Après la mort de Facel, la France entière déplore l’absence d’une voiture de sport haut de gamme portant ses couleurs. Qu’à cela ne tienne : Citroën décide de relever cet ambitieux défi.

Dans les années 1960, la marque Quai de Javel maintient sa domination sur la voie de gauche des autoroutes avec la DS, la berline la plus luxueuse de France. Grâce à sa suspension oléopneumatique, elle présente des qualités routières exceptionnelles, et la presse ne lui reproche qu’une chose : son moteur manquant de puissance pour pouvoir se mesurer d’égale à égale avec les marques étrangères les plus en vue. Or en décembre 1967, Citroën fait l’acquisition de 60% des actions de Maserati et confirme son intérêt pour adopter un moteur venant de la marque au trident pour animer sa future voiture de sport. L’ingénieur Giulio Alfieri réalise un six-cylindres en V dérivé du V8 de la Maserati Indy. Il comporte quatre ACT et sa cylindrée s’établit à 2 760 cc, pour éviter la « supervignette » qui pénalise les voitures de plus de 2,8 litres. Avec trois carburateurs Weber, ce moteur développe 170 ch et offre la souplesse que l’on attend d’une voiture de luxe. Citroën a donc son moteur. Pour le reste, le constructeur est parfaitement à l’aise et reprend les solutions en vigueur sur la DS, à base de circuit hydraulique sous pression, en les poussant encore plus loin avec l’adoption de la direction assistée Diravi imaginée par l’ingénieur Paul Magès, déjà metteur au point de la suspension oléopneumatique de la DS. La forme complètement inédite de la SM est dictée par les lois de l’aérodynamique et l’avant spectaculaire affiche son ambition avec une batterie de six projecteurs sous une verrière profilée.
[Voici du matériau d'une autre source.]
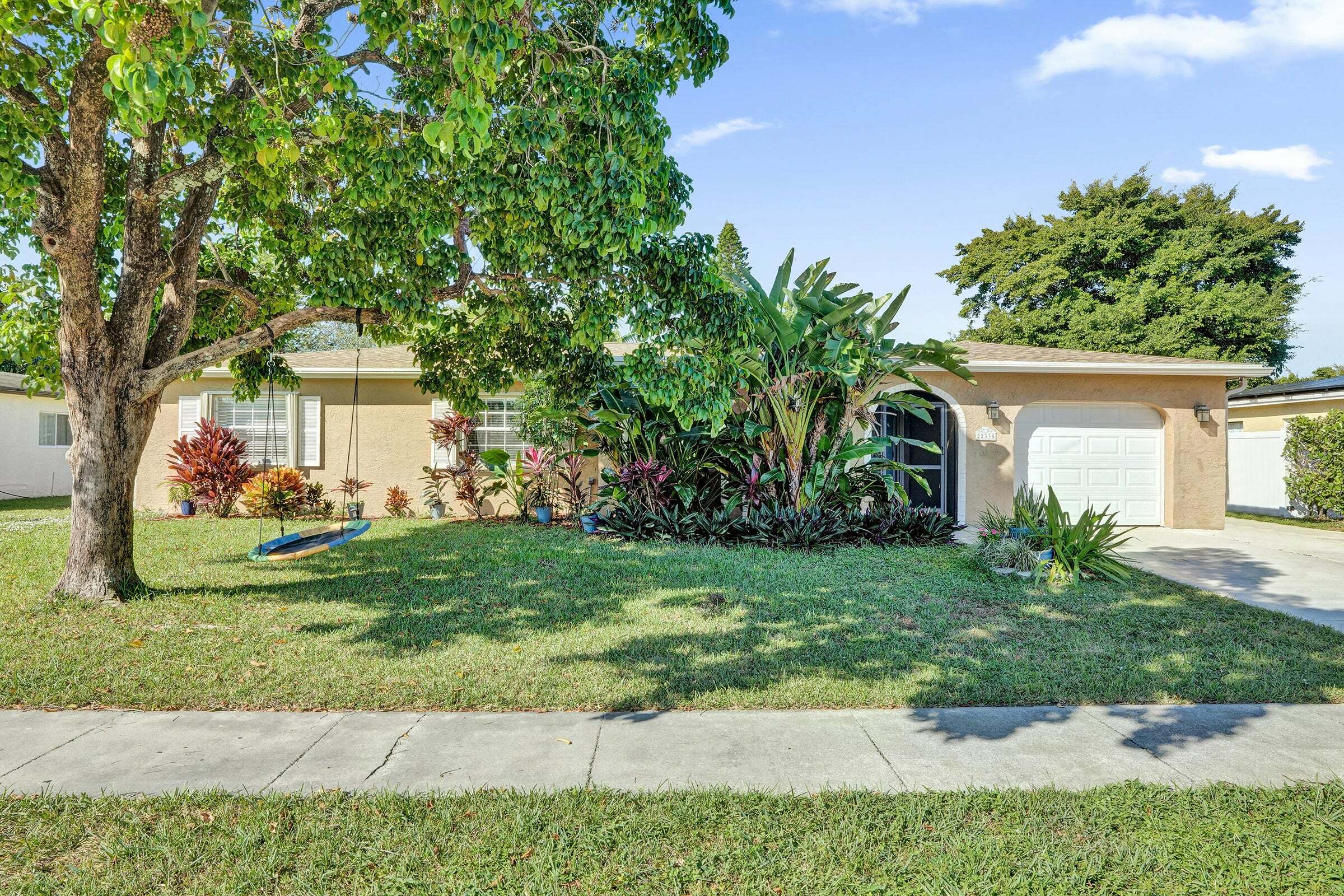 22335 Boulder Street, Boca Raton, FL - 4,500 USD/ month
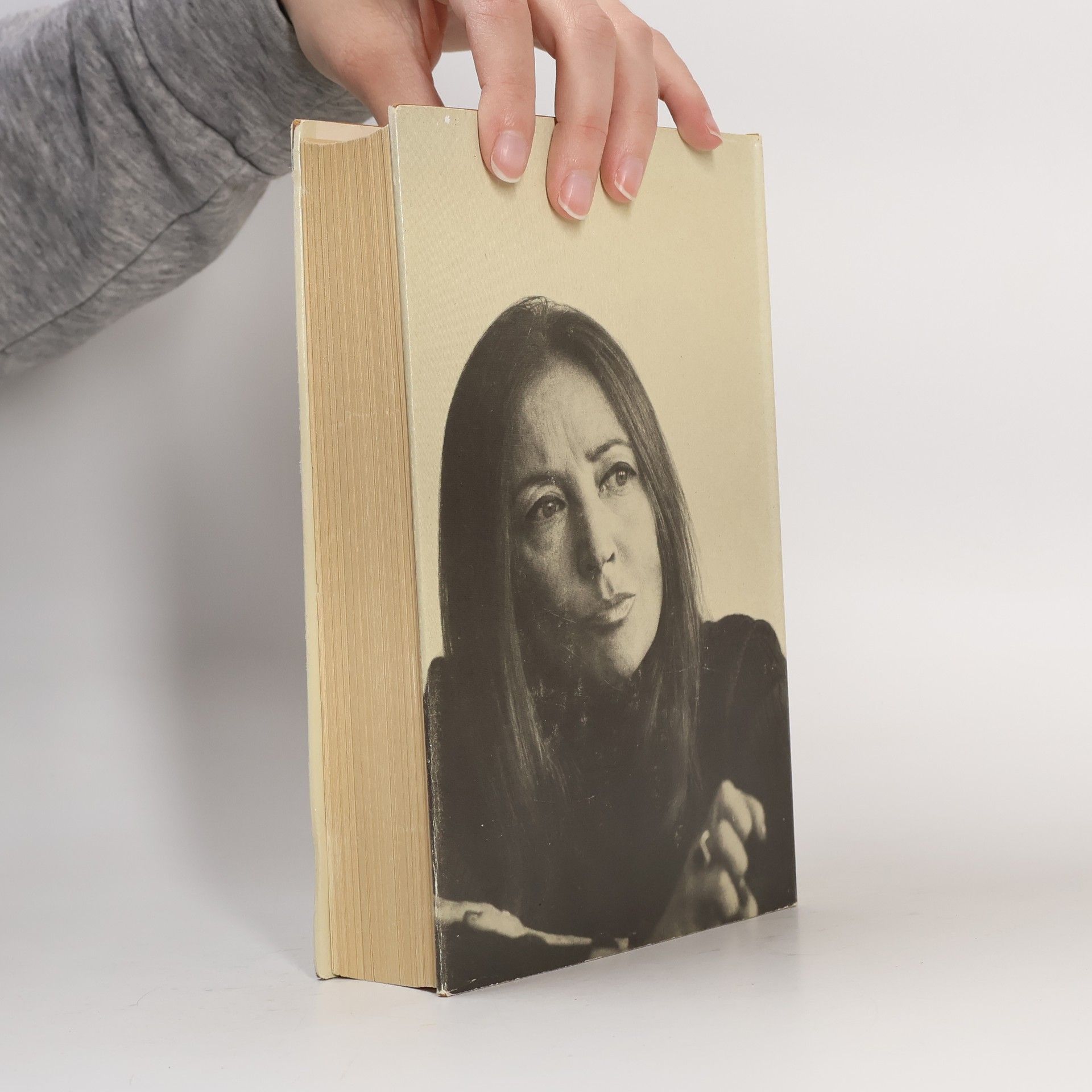 Oriana Fallaci Un Hombre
Dès sa présentation au Salon de Genève 1970, les qualités de la nouvelle Citroën sont saluées par la presse spécialisée et les automobilistes français ont enfin une voiture capable de tenir tête aux berlines allemandes ou britanniques. Les premiers chiffres sont encourageants puisque la voiture atteint 5 000 exemplaires commercialisés en 1971, et la SM va même se distinguer en compétition, avec une victoire au Rallye du Maroc en 1971. Mais le monde bouge et les circonstances changent. La crise du pétrole, au début des années 1970, met un coup brutal à la période d’euphorie commencée au lendemain de la guerre. Par ailleurs, le réseau Citroën est mal armé pour vendre une voiture du niveau de la SM. Enfin, la reprise de Citroën par Peugeot apporte en 1975 le coup de grâce à cette automobile prometteuse. Amer, le constructeur aux chevrons annonce comme épitaphe : « Née de la vitesse, la SM est morte avec la vitesse. »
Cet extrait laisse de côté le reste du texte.